With Bitcoin's rapidly rising market cap and trading volumes, national governments have caught on to the fact that Bitcoin isn't going anywhere. As a result, major economies are taking a "if you can't beat them, join them" sort of approach. Now, with each passing month, regulation of cryptocurrencies is getting more clear.
As of May 2021,
34 countries have created regulatory frameworks which stipulate how tax, anti-money laundering (AML), and anti-terrorism financing (ATF) laws should be applied to cryptocurrency transactions. This list of countries includes most of the world's largest economies.
Countries with tax legislation for cryptocurrencies: - Argentina
- Austria
- Bulgaria
- Finland
- Israel
- Italy
- Norway
- Poland
- Romania
- Russia
- Slovakia
- South Africa
- Spain
- Sweden
- United Kingdom
Countries with crypto-specific AML+ATF laws - Cayman islands
- Costa Rica
- Czech Republic
- Estonia
- Gibraltar
- Hong Kong
- Isle of Man
- Jersey
- Latvia
- Liechtenstein
- Luxembourg
- Singapore
- South Korea
Countries with both kinds of legislation - Australia
- Canada
- Denmark
- Japan
- Switzerland
What might be most interesting to investors, however, is what's happening in the world's largest economy - the United States. In April, the new SEC chairman under the Biden administration, Gary Gensler (an MIT professor who has taught classes
on blockchain technology and digital currencies),
announced that the commission is in the preliminary stages of establishing a framework for crypto regulation.
New Bitcoin ETFs and Retirement Plan Allocations Clarified regulation for cryptocurrencies is great news not just because it brings more retail and institutional investors into the market, but also because it opens the door to new opportunities. Perhaps the most exciting development, here, is the arrival of Bitcoin ETFs.

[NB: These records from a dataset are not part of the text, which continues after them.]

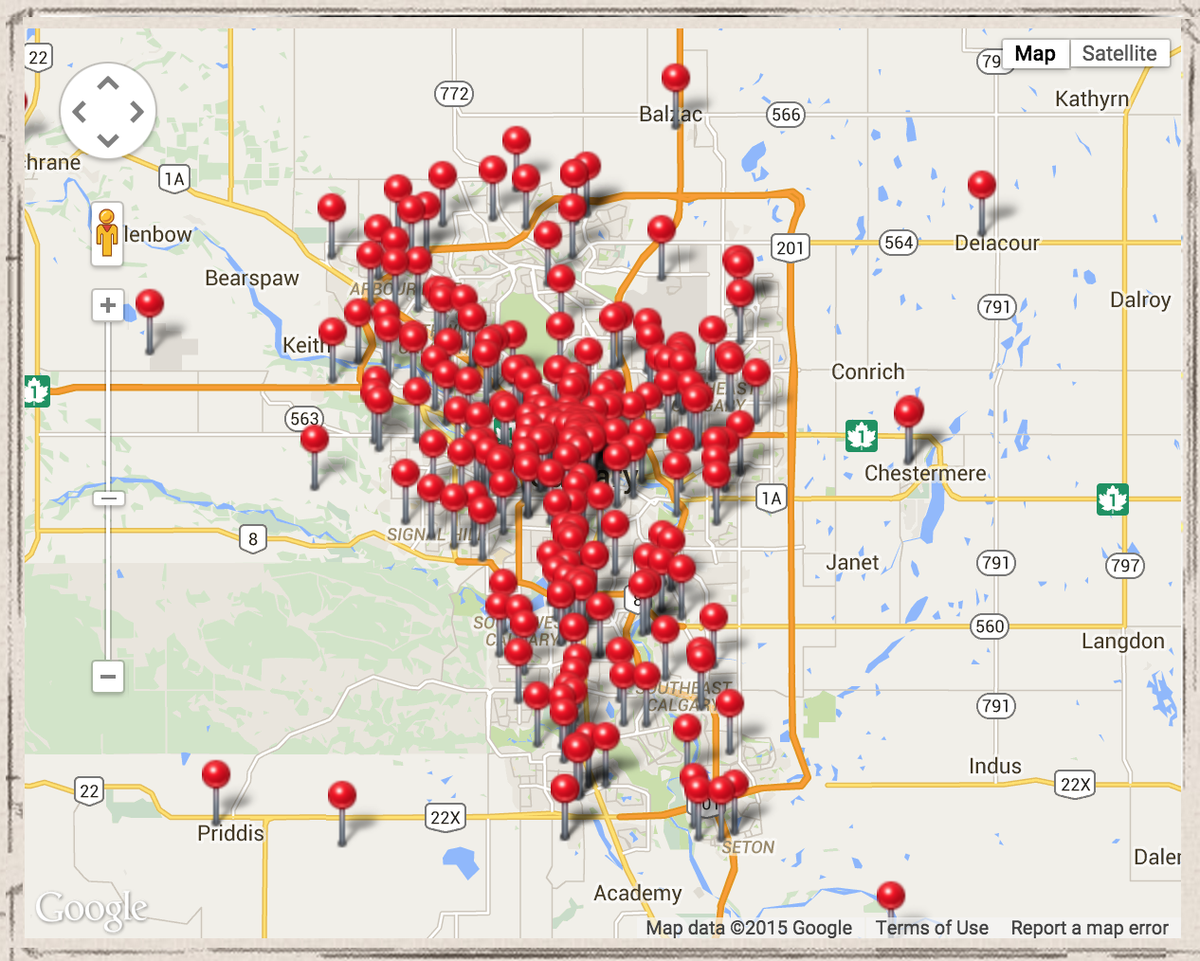 StampedeBreakF's tweet photo. Up to 250 Free Stampede Breakfasts listed!! @calgarystampede #Stampede2015 #stampedebreakfast  http://t.co/SmAJEZTJ5C http://t.co/DafRbob9Ol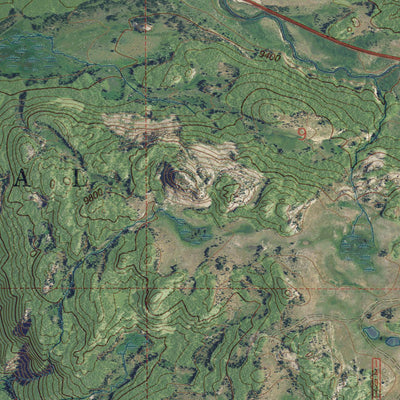 WY-BEARTOOTH BUTTE: GeoChange 1985-2012 Preview 2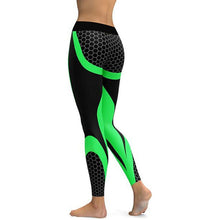 Load image into Gallery viewer, Sculpt Mesh Mid-Rise Leggings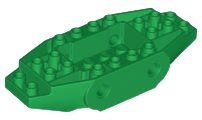 LEGO® los onderdeel Onderstel in kleur Groen 65186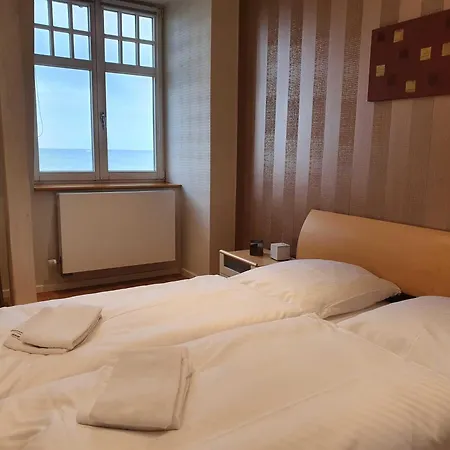Appartement Strandvilla Undine 19 Meerblick *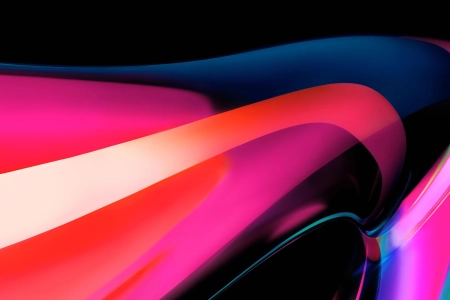 抽象 丰富多彩 黑色背景 简单背景 数字艺术 极简主义  电脑壁纸 4K壁纸 3840x2160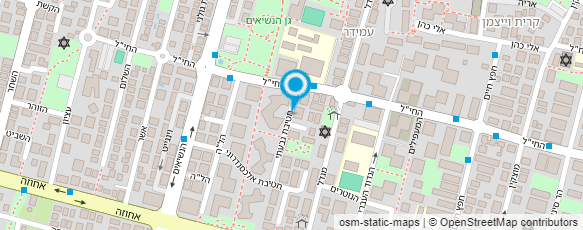 מפת הגעה אל יפי לבנון - שיקום היד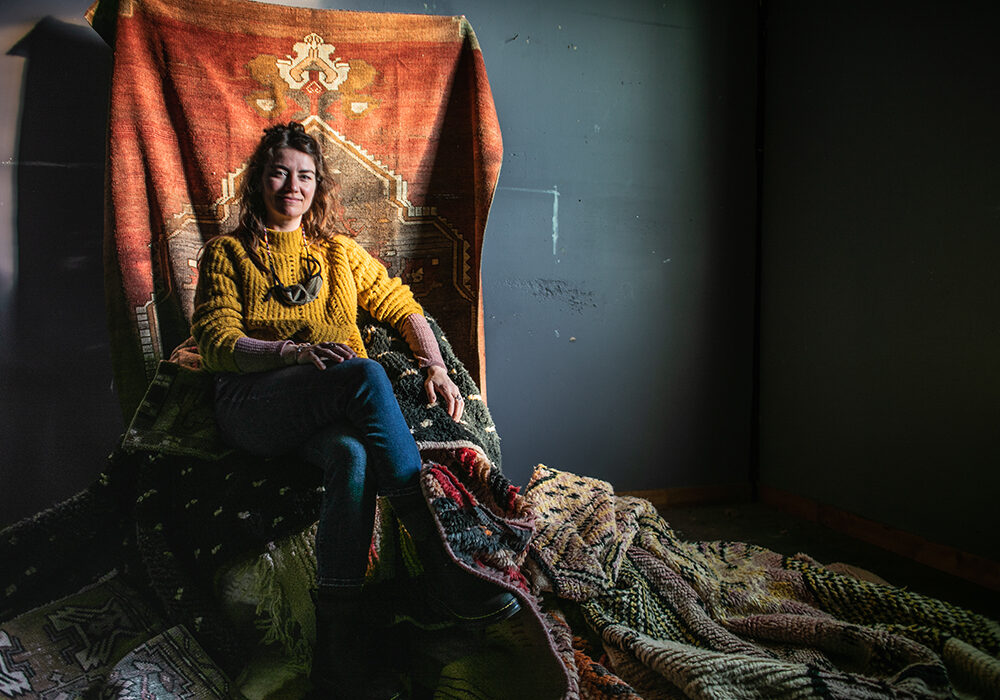 The carpet queen: An online rug shop demystifies the buying process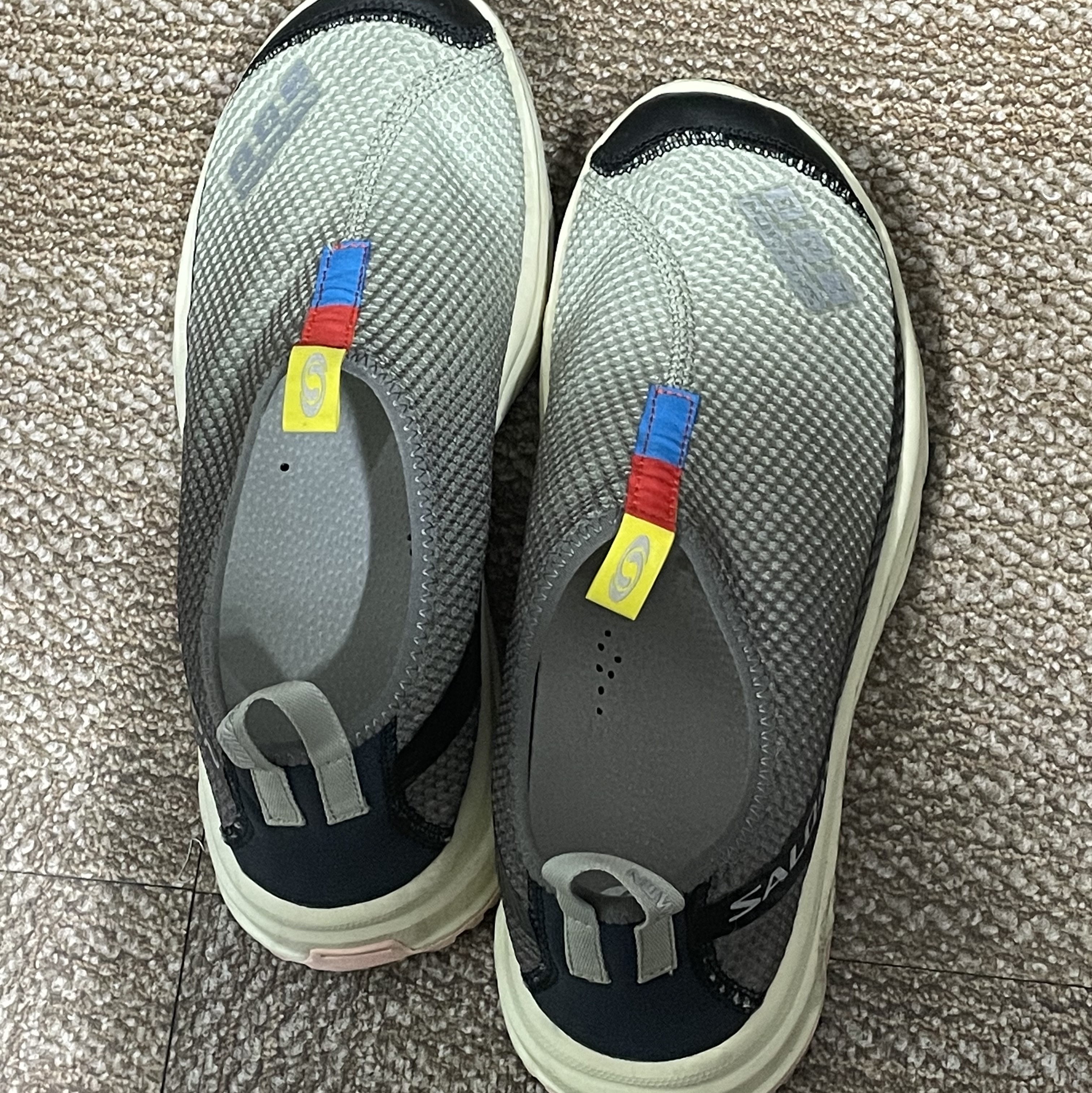 Salomon RX Moc 3.0 Pewter Desert 착용 스타일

A fund recently launched in Canada
has been wildly successful so far and the Bitcoin price seems to be following the same positive trend that occurred with gold when precious metal ETFs started to appear in the early 2000s. Furthermore, like it occurred with gold, analysts don't expect it to be long before we start seeing Bitcoin and other digital assets included in pension funds.